The embedding of high-dimensional or non-metric dissimilarity data into low-dimensional Euclidean spaces is a fundamental problem in computational statistics, bioinformatics, and machine learning. While classical methods such as Multidimensional Scaling (MDS) provide theoretically optimal solutions under ideal conditions, real-world datasets often exhibit characteristics that challenge these assumptions: sparse measurements, non-Euclidean geometry, and threshold-censored observations.

The Topolow algorithm represents a novel approach to this problem, utilizing physics-inspired force-directed optimization to handle these challenging data characteristics naturally.
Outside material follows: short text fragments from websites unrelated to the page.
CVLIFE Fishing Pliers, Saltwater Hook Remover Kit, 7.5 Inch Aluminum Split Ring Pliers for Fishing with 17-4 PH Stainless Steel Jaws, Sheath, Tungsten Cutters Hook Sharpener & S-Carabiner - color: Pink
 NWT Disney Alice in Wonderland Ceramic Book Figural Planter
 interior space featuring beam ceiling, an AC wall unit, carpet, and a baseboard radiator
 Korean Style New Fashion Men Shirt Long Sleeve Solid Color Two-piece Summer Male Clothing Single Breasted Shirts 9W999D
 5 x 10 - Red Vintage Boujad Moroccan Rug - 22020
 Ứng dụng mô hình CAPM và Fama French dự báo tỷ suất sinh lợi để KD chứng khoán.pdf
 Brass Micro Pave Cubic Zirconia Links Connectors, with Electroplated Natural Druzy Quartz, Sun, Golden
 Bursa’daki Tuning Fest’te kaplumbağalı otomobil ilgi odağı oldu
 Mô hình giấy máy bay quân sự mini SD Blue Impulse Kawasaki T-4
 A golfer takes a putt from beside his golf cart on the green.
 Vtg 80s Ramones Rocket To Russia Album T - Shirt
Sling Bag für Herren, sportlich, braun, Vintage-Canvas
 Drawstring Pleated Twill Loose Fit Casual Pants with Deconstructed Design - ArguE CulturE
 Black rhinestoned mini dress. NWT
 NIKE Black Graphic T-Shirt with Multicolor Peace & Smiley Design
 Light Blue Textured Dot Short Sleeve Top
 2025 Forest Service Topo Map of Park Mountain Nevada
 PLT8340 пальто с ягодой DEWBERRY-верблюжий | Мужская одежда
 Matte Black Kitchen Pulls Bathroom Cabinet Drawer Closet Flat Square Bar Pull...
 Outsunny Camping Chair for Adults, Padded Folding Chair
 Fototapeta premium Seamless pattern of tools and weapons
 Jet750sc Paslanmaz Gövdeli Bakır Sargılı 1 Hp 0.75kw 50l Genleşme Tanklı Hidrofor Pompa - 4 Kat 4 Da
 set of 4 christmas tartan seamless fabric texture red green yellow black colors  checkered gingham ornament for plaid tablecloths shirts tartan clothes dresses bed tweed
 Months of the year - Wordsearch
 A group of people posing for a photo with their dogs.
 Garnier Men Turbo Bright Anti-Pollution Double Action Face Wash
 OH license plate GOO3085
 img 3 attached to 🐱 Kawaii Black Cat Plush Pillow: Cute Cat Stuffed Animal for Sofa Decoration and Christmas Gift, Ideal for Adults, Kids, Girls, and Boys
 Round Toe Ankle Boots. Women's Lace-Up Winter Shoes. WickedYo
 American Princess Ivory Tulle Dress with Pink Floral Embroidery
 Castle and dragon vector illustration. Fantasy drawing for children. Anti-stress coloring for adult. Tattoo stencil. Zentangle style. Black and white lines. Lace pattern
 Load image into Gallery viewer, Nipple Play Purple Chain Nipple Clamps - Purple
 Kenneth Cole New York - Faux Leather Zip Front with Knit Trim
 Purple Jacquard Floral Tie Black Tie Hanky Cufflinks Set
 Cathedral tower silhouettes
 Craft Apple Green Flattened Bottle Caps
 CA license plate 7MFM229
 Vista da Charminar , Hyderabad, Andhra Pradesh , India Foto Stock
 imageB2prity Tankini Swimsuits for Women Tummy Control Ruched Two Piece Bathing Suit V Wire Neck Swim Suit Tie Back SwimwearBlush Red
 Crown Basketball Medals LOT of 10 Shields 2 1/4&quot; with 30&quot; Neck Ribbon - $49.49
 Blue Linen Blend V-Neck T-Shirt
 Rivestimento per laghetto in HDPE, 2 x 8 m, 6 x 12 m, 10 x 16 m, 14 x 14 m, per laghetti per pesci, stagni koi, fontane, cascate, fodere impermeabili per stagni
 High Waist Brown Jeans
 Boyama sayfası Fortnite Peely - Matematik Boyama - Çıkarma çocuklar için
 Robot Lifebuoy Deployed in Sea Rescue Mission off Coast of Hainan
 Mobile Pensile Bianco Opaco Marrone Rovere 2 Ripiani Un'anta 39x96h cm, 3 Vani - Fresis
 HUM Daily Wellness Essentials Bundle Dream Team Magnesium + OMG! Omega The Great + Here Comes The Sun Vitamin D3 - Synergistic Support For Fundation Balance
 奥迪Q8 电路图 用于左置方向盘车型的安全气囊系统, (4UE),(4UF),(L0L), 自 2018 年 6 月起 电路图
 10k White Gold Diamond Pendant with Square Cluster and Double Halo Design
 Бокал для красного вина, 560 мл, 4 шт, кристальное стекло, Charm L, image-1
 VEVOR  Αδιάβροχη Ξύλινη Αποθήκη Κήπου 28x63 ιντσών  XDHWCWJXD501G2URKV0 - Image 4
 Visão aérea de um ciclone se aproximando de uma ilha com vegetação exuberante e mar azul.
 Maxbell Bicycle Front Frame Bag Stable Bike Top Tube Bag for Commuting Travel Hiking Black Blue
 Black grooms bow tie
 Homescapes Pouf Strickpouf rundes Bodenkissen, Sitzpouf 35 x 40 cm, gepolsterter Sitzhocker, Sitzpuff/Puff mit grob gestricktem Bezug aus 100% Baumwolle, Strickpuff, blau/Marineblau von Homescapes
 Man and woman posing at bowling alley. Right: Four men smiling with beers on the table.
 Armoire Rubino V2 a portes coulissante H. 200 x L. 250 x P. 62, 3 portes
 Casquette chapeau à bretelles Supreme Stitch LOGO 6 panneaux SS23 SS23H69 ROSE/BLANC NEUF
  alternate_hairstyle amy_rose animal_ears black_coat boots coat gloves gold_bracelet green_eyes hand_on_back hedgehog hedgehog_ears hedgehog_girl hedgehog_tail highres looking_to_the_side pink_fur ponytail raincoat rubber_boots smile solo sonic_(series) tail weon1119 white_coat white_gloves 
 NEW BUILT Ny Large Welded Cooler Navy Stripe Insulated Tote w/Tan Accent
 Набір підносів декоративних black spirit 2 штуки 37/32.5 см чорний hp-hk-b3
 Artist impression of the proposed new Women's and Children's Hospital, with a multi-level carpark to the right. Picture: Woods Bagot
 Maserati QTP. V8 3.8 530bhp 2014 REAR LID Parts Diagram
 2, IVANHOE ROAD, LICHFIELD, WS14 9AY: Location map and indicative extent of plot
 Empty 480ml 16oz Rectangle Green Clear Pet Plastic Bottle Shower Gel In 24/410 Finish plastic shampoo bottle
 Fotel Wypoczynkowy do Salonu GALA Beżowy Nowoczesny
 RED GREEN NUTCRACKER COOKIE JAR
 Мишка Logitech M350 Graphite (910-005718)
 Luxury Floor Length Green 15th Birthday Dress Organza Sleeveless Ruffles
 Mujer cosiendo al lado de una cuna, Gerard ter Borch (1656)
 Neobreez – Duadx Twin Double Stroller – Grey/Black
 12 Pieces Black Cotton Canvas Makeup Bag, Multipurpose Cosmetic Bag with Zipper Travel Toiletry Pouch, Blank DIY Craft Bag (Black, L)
This vignette provides a rigorous comparative evaluation of Topolow against established methods using controlled synthetic datasets that exhibit known non-Euclidean properties.

2.1 Methodological Framework

We evaluate three distinct embedding approaches:

Topolow: A force-directed method that models objects as particles connected by springs (for measured dissimilarities) and subject to repulsive forces (for missing measurements)
Classical MDS: The mathematically optimal eigenvalue-based solution that provides the theoretical best-case Euclidean approximation
Iterative MDS: A gradient-based STRESS minimization approach that uses stochastic optimization similar to Topolow

This three-method comparison allows us to understand both the theoretical limits of embedding accuracy and the practical differences in optimization stability between deterministic and stochastic methods.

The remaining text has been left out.